La ira intensificaba el color de sus mejillas. Y en ese instante, Pedro estuvo convencido de que podría criar a las gemelas ella sola. Aunque ojalá no tuviera que hacerlo sola. Pero ¿estaba dispuesto a dejar el ejército y quedarse en Conifer para ayudarla?
No. Claro que no.
****
–Venga ya, Cleme, céntrate –Paula sacudió a su amiga–. ¿Puedes sustituirme esta noche?
–Recuerdo que Pedro era bastante atractivo, pero…
–Calla –Paula le propinó un codazo mientras Pedro cargaba con varias cajas–. No es para tanto.
–Y eso lo dice la chica que babeó por él toda su vida, hasta que se casó con su hermana.
–¿Podríamos hablar de esto en otro momento? –Paula cerró los ojos.
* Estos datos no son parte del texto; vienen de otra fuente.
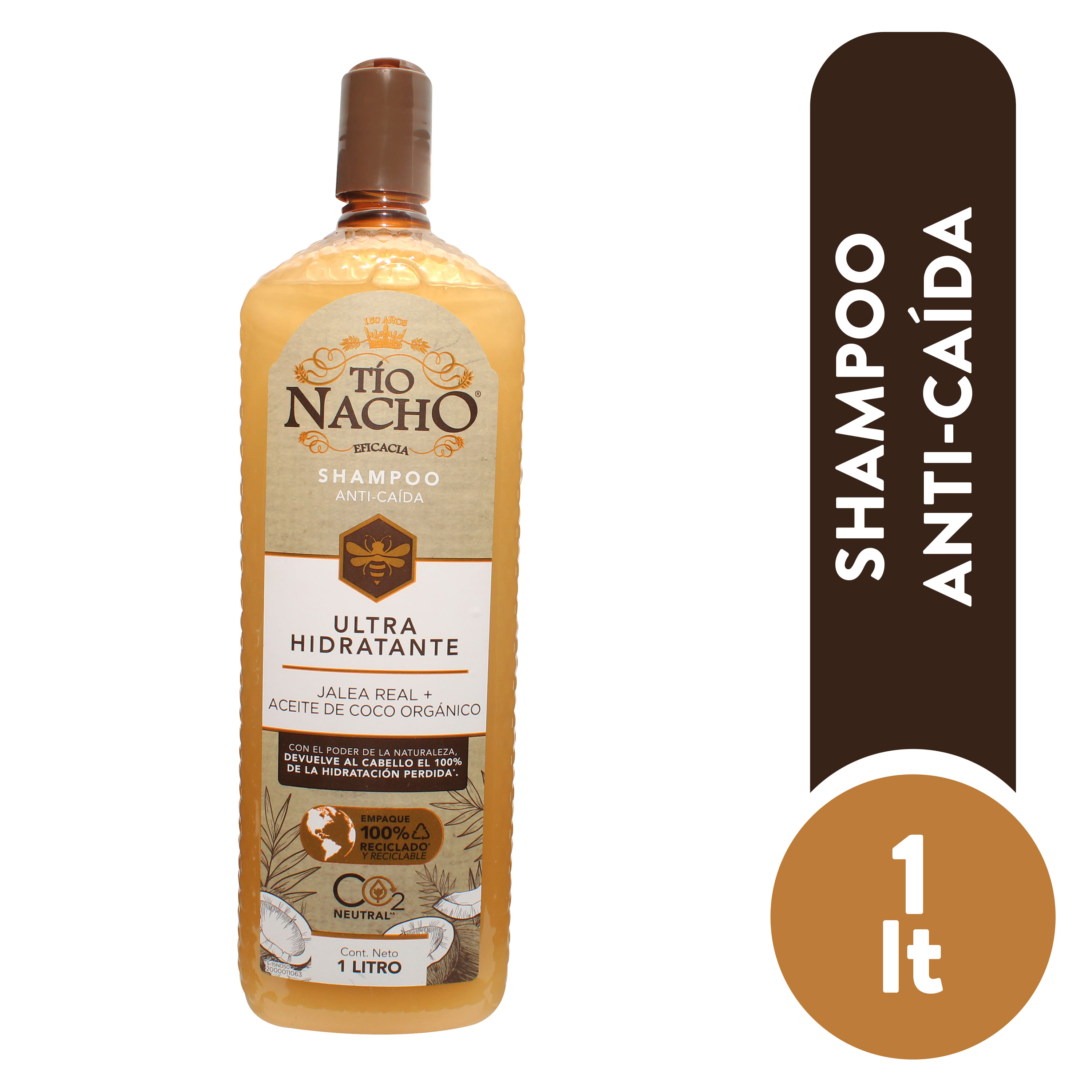 Shampoo-Tio-Nacho-Ultrahidratante-Coco-1000Ml-1-9585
–Escucha, entiendo que tienes que estar pasándolo mal, pero Melisa lo abandonó hace mucho.
–Déjalo ya.
–Está soltero. Tú estás soltera. Los bebés se duermen temprano y tienes un montón de tiempo…
–¡Cállate! –Paula se sonrojó cuando los cinco clientes del bar se volvieron hacia ella–. No seas ridícula –continuó en voz baja–. ¿Puedes sustituirme esta noche o no?
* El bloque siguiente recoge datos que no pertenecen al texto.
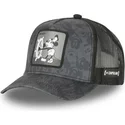 cepice-zaoblena-cerna-snapback-vintage-key4-mickey-mouse-disney-capslab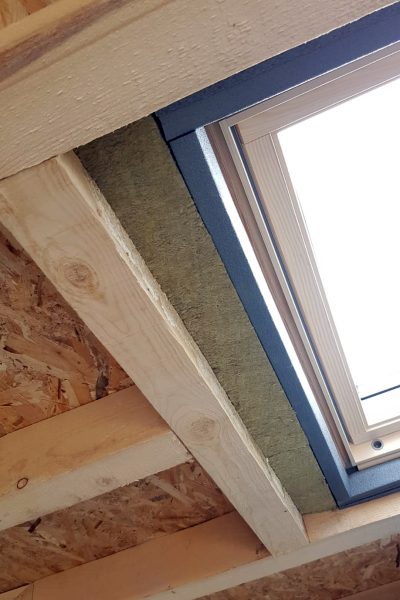 IMG-20190322-WA0005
–Lo siento, pero Dougie tiene un catarro muy feo. En cuanto termine aquí me voy a urgencias.
–¿Cómo está Joey? –Doug tenía tres años y Joey cinco.
–De momento está bien.
–Espero que se ponga bien pronto –Paula optó por trabajar ella. Alejarse de Pedro una noche le haría bien.
–Ya están todas las cajas –Pedro apareció en ese momento–. ¿Preparada para irnos?
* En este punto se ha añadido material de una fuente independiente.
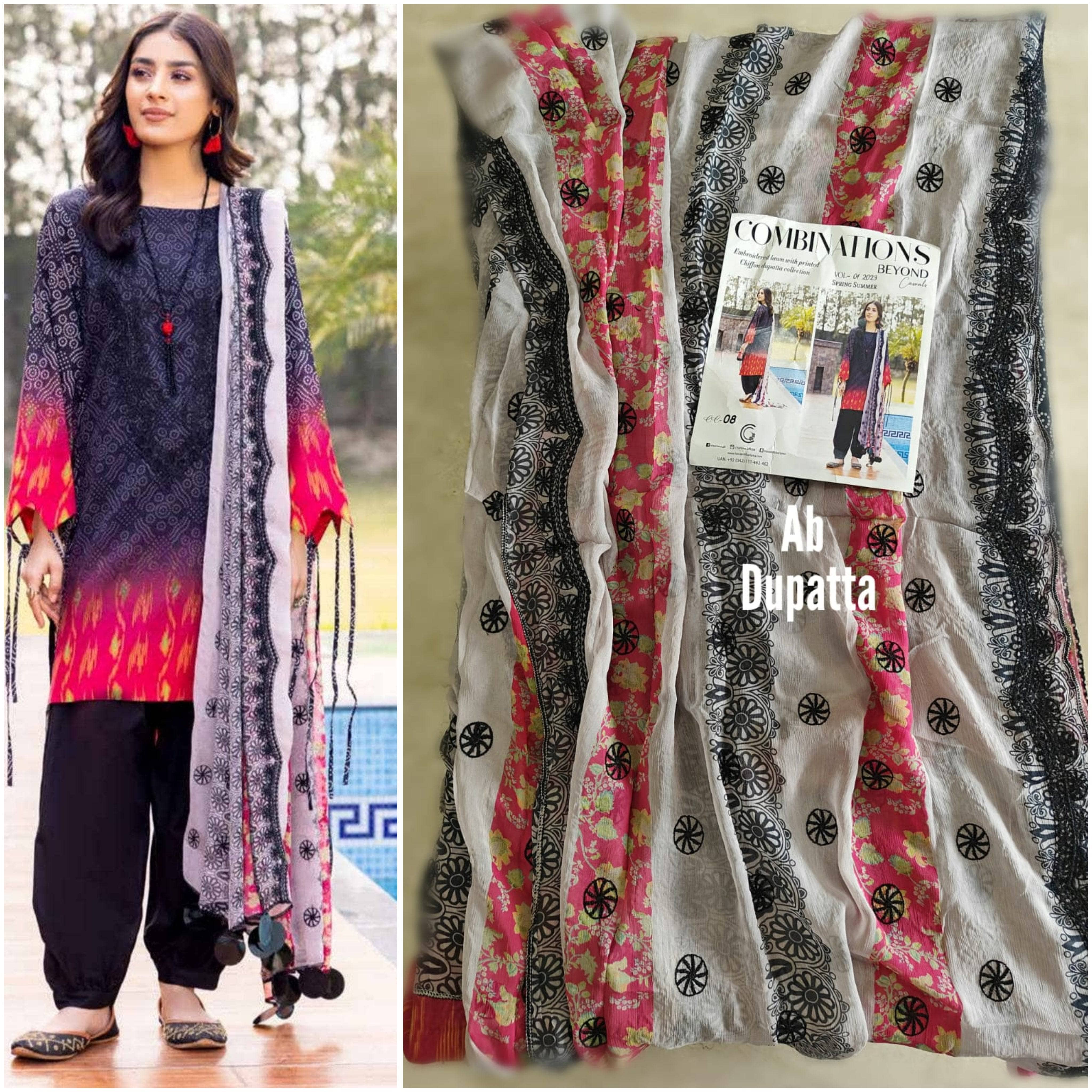 img_charizma_combination_lawn_23_awwal_boutique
–Sí –asintió Paula–, pero tengo que volver más tarde.
–¿Cómo estás, Cleme? –Pedro frunció el ceño antes de saludar a la camarera.
–Bien, gracias –Clementine se sonrojó violentamente–. He oído que te va bien –continuó ella mientras jugueteaba con sus cabellos–. Te hemos echado de menos.
–Gracias –él se encogió de hombros–. Sienta bien volver. Ojalá fuera en otras circunstancias.
–Lo comprendo –asintió Clementina–. Todos estamos muy alterados.
«¿En serio, Cleme?». Lo único que parecía alterarla era la distancia que la separaba de Pedro.
–Bueno… –Paula agarró a Pedro del brazo y tiró de él hacia la puerta–. Me gustaría sacar mis cosas de las cajas antes de recoger a las niñas.
En la calle les recibió un brillante sol, aunque el viento del norte revolvió los cabellos de Paula.
–Espera –Pedro se detuvo para observarla–. Te pareces al primo Itt, de esa serie…
–¿La familia Adams? –durante años habían visto esa serie a la salida del colegio.
–Eso es –él reanudó la marcha–. Me encantaba la serie.
–A mí también –y no solo por la serie en sí. Melisa la odiaba, y por tanto solían verla Pedro y ella solos ante el televisor y las Oreo.
–¿Quieres que conduzca yo? –preguntó Pedro al llegar al SUV de Paula.
–¿Por qué?
–Pareces cansada. Y mientras metías tus cosas en las cajas, te he visto llorar.
–Estoy bien –Paula se sentó al volante–. Es más, teniendo en cuenta que acabo de perder a mi hermana, creo que no lo estoy haciendo nada mal.
–Excelente apreciación –asintió él sentado a su lado–. Aparentas ser muy fuerte, Pau, pero te conozco y sé que solo es una pose. Pareces a punto de derrumbarte.
–Gracias por los ánimos, pero no me conoces, solías conocerme.